Harrellson’s Biden knows America is “scared I’ll say something off-color. Or even worse, on-color.” He admits that “you should be scared, because I’m always one second away from calling Cory Booker ‘Barack.’” Booker meanwhile capitalizes on his chance to speak, “the only time I’ll be talking,” by saying, “Black church! Barbershop! Greens! Beans! Tomatoes! Potatoes!” And, as in real life, he tells Biden that he’s surprised the former vice president doesn’t support the legalization of marijuana (“In fact, rehearsed joke, I thought you were high when you said it.”), to which SNL’s Biden recounts the plot of “Harold and Kumar Go to White Castle” as if it were his own personal anecdote.

Finally, Yang’s Yang gets a chance to speak, inviting everyone to “get a Yang gang bang going.” And Ferrell’s’ Steyer says he’s running for president “for a simple reason: It’s fun and it gets me out of the house.” Then who wanders in but Armisen’s Bloomberg, sipping from a 7-Eleven cup, after he “tipped the doorman $30 million.” He doesn’t know if he’s running for president, but he’d “love to see those Trump supports come up with a conspiracy theory about a Jewish billionaire with his own media company. Good luck making that stick.”

Last up is Strong’s Gabbard, who the show’s Maddow calls “tonight’s villain,” and who quickly admits “I smell your fear and it makes me stronger. I’m wearing the white suit of your fallen hero, Hillary Clinton.”

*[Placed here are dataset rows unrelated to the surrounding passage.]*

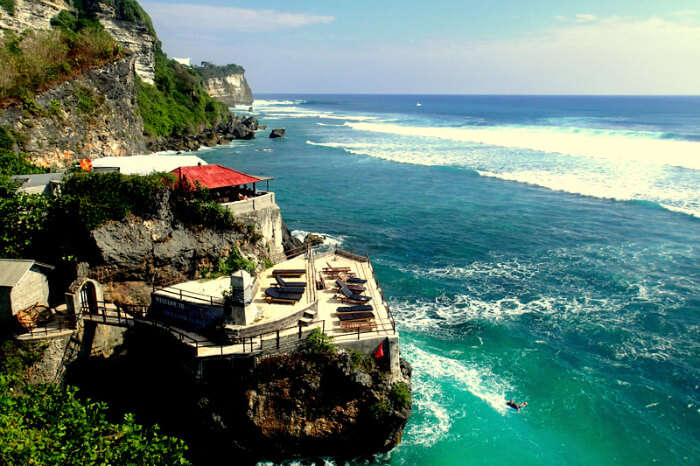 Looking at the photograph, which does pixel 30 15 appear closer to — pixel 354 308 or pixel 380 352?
pixel 354 308

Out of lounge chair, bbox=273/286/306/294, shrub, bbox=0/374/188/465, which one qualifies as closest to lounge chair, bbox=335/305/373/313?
lounge chair, bbox=273/286/306/294

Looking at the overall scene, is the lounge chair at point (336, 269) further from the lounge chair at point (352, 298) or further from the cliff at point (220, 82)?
the cliff at point (220, 82)

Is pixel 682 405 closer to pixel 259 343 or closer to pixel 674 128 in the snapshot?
pixel 259 343

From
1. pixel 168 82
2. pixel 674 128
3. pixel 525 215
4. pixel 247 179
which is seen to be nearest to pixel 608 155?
pixel 525 215

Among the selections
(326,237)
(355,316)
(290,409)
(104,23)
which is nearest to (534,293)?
(355,316)

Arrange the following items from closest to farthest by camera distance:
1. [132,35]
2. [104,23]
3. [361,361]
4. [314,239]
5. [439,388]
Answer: [361,361] → [439,388] → [314,239] → [104,23] → [132,35]

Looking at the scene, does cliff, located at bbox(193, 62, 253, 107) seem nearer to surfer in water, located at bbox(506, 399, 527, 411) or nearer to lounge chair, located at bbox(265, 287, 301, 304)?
lounge chair, located at bbox(265, 287, 301, 304) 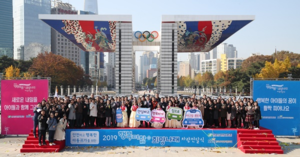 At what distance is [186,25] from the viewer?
2072 centimetres

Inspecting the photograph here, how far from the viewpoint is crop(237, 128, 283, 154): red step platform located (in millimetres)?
9469

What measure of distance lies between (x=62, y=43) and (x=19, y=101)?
86.8m

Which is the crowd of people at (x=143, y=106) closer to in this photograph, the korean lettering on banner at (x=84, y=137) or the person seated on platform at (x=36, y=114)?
the person seated on platform at (x=36, y=114)

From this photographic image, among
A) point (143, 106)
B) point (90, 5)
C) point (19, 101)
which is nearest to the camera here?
point (143, 106)

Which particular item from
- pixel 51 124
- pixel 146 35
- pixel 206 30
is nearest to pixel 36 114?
pixel 51 124

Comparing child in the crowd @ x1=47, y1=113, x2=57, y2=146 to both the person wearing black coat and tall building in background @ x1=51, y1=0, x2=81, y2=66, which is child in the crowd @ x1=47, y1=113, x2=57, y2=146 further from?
tall building in background @ x1=51, y1=0, x2=81, y2=66

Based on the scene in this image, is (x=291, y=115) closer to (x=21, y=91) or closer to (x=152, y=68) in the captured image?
(x=21, y=91)

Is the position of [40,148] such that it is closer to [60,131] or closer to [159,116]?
[60,131]

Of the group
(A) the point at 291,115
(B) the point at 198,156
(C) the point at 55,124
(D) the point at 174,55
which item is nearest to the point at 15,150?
(C) the point at 55,124

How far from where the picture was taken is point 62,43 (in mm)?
93062

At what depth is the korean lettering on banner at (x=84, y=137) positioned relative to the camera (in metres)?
10.2

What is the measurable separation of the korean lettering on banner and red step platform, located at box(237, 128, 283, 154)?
591 centimetres

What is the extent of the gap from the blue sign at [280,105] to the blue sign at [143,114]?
17.8 ft

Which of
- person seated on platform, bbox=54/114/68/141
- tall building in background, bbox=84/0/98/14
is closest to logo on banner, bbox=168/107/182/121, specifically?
person seated on platform, bbox=54/114/68/141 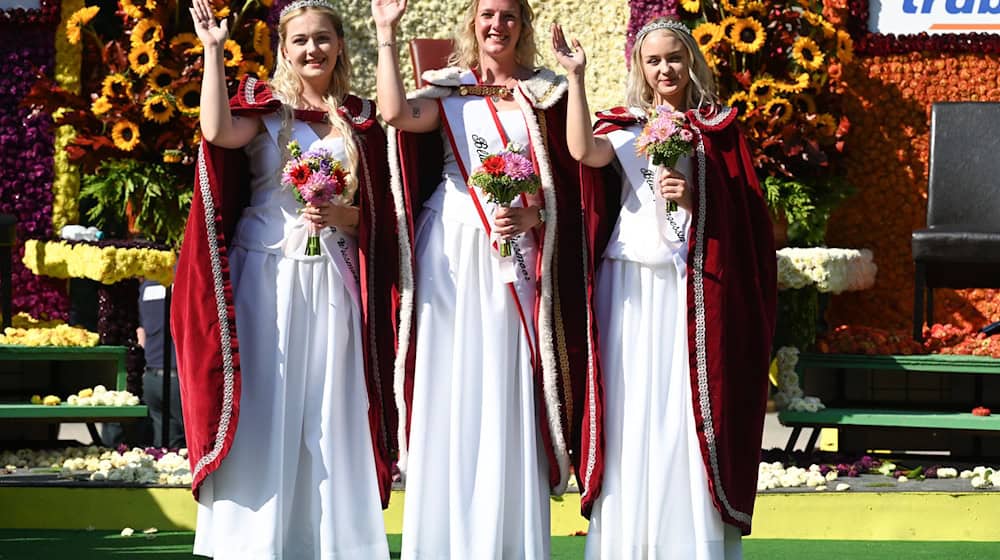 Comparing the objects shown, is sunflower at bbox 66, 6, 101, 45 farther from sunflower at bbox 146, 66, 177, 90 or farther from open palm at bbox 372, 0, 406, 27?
open palm at bbox 372, 0, 406, 27

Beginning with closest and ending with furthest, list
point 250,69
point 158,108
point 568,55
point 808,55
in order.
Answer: point 568,55, point 158,108, point 250,69, point 808,55

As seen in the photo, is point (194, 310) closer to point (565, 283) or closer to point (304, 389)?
point (304, 389)

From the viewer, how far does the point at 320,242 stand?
5.48 m

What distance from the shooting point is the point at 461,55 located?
18.7 feet

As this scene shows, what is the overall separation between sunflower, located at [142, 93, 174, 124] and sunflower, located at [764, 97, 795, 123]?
3014 mm

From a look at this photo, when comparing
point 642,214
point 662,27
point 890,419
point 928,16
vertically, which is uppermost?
point 928,16

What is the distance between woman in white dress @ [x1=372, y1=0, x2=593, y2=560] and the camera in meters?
5.36

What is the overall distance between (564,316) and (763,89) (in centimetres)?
387

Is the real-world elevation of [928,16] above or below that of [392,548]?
above

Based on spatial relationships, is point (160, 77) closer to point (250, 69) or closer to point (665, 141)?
point (250, 69)

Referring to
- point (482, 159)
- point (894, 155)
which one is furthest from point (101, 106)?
point (894, 155)

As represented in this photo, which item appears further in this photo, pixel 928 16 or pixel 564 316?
pixel 928 16

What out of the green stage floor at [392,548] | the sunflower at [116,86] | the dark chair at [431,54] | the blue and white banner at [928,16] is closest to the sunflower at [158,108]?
the sunflower at [116,86]

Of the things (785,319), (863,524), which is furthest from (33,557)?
(785,319) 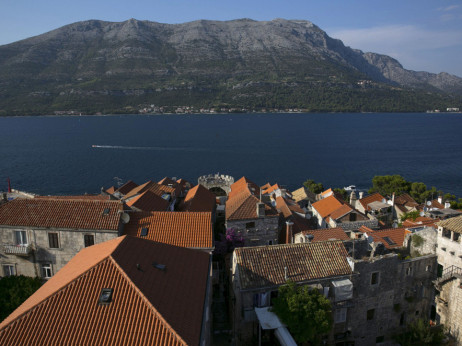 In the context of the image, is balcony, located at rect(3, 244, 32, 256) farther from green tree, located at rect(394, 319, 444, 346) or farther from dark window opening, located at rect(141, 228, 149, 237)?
green tree, located at rect(394, 319, 444, 346)

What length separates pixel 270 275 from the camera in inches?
857

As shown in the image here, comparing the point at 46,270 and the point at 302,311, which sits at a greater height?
the point at 302,311

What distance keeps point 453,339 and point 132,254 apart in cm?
2378

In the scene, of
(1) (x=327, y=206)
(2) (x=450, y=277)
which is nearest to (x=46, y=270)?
(2) (x=450, y=277)

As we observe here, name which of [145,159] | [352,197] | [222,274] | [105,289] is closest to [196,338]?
[105,289]

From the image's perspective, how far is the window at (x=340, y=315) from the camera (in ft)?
74.5

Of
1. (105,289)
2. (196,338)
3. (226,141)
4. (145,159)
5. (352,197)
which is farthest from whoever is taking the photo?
(226,141)

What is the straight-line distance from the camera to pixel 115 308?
585 inches

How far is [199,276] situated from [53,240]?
13653 mm

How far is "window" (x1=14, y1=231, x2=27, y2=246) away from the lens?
26.3m

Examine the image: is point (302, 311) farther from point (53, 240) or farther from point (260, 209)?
point (53, 240)

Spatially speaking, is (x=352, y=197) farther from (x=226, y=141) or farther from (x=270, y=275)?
(x=226, y=141)

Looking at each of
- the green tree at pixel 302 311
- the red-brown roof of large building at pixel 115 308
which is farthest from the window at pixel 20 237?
the green tree at pixel 302 311

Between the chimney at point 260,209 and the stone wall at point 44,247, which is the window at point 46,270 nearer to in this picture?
the stone wall at point 44,247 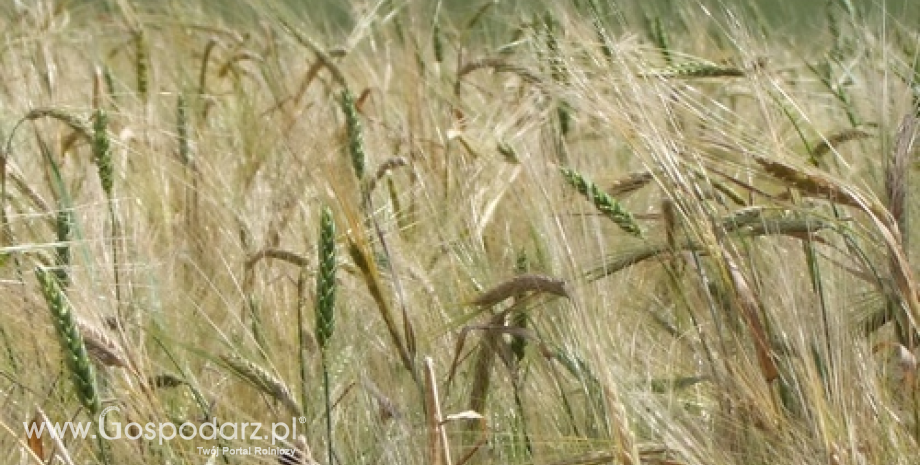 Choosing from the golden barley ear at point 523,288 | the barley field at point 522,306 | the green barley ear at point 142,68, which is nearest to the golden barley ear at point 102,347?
the barley field at point 522,306

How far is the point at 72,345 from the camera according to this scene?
95 centimetres

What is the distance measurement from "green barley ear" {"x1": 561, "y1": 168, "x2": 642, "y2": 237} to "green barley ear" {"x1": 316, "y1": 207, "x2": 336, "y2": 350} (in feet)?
0.86

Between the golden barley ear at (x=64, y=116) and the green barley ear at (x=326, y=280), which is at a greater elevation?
the golden barley ear at (x=64, y=116)

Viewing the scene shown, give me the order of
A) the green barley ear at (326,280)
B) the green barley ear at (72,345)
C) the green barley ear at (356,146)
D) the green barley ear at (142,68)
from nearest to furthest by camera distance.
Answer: the green barley ear at (72,345)
the green barley ear at (326,280)
the green barley ear at (356,146)
the green barley ear at (142,68)

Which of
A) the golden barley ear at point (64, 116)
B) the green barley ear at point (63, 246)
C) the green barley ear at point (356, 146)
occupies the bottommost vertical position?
the green barley ear at point (63, 246)

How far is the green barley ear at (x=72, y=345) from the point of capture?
951 mm

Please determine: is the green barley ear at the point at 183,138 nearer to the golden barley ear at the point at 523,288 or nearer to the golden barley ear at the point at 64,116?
the golden barley ear at the point at 64,116

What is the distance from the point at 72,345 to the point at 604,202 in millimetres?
468

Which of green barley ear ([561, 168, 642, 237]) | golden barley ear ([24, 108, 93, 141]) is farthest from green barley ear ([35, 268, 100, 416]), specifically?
golden barley ear ([24, 108, 93, 141])

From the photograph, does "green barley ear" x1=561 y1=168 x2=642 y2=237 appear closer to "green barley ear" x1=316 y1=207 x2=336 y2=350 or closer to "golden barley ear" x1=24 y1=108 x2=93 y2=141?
"green barley ear" x1=316 y1=207 x2=336 y2=350

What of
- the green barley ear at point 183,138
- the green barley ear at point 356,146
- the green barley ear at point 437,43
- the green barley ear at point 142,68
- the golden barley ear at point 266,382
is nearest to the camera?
the golden barley ear at point 266,382

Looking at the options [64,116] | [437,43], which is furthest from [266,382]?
[437,43]

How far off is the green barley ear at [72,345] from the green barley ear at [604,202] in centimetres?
45

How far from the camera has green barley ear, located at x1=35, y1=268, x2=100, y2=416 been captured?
0.95m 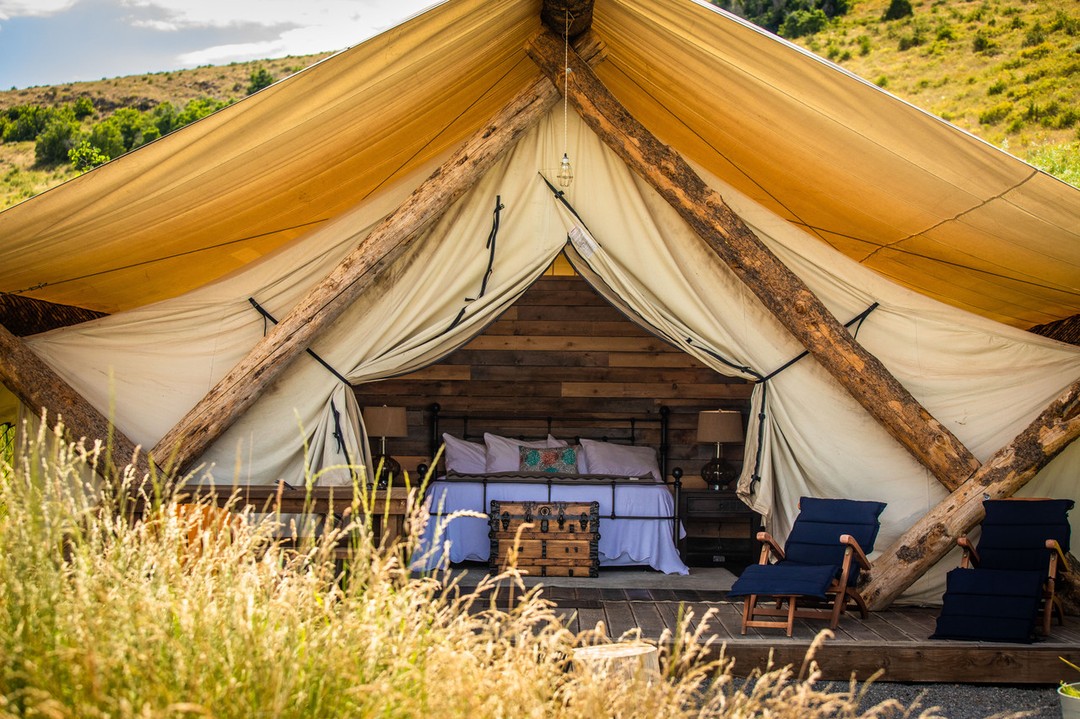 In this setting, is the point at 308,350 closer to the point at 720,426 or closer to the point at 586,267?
the point at 586,267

Much like the actual debates, the sketch’s setup takes so long, there isn’t much time for any actual meat. David’s Sanders offers his health care plan, saying, “no co-pay. No out of pocket. The only thing that comes out of my pocket are tissues, receipts, loose cough drops, a movie stub for ‘Florence Foster Jenkins’ which was, uhh, so-so and of course the little button in the baggie that comes with the pants. Most people throw it out. Do yourself a favor, hold onto it. You never know.”

Ferrell’s Steyer gives a short speech while approaching the camera, his unblinking face soon filling the entire frame. They recreated the moment when Biden claimed only one black woman was ever elected to the Senate, forgetting his debate partner Harris. Dratch’s Klobuchar continues to shake. McKinnon’s Warren says, “I think if its Marry-F-Kill, I’m aware I’m not the ‘F’ but I’m definitely not the kill! So come on America, put a ring on it.”

Arguably the best moment comes toward the end when David just gives a classic Larry David bit through the Sanders lens, saying, “Let me ask you. Is it fair that only the top two percent often get a free biscotti with their coffee? We would all love a free biscotti. You dip it. You dunk it. It’s delicious. So if that’s socialism, sign me up. Tell me this, is it fair that when the top two percent want to turn off the lights in their bedroom, all they have to do is clap? They got a clapper. Shouldn’t we all have clapper? I say, either everybody has a clapper or nobody has a clapper, and that’s the America I want to live in!”

The sketch was funny, sure, and not everyone is bothered by such stunt casting. But it can often feel like a crutch and sometimes has the unfortunate effect of pulling the viewer out of the satire. It’s difficult not to feel excited to see Larry David or Maya Rudolph, but it’s even harder not to wonder why the show doesn’t trust its own cast to carry the load.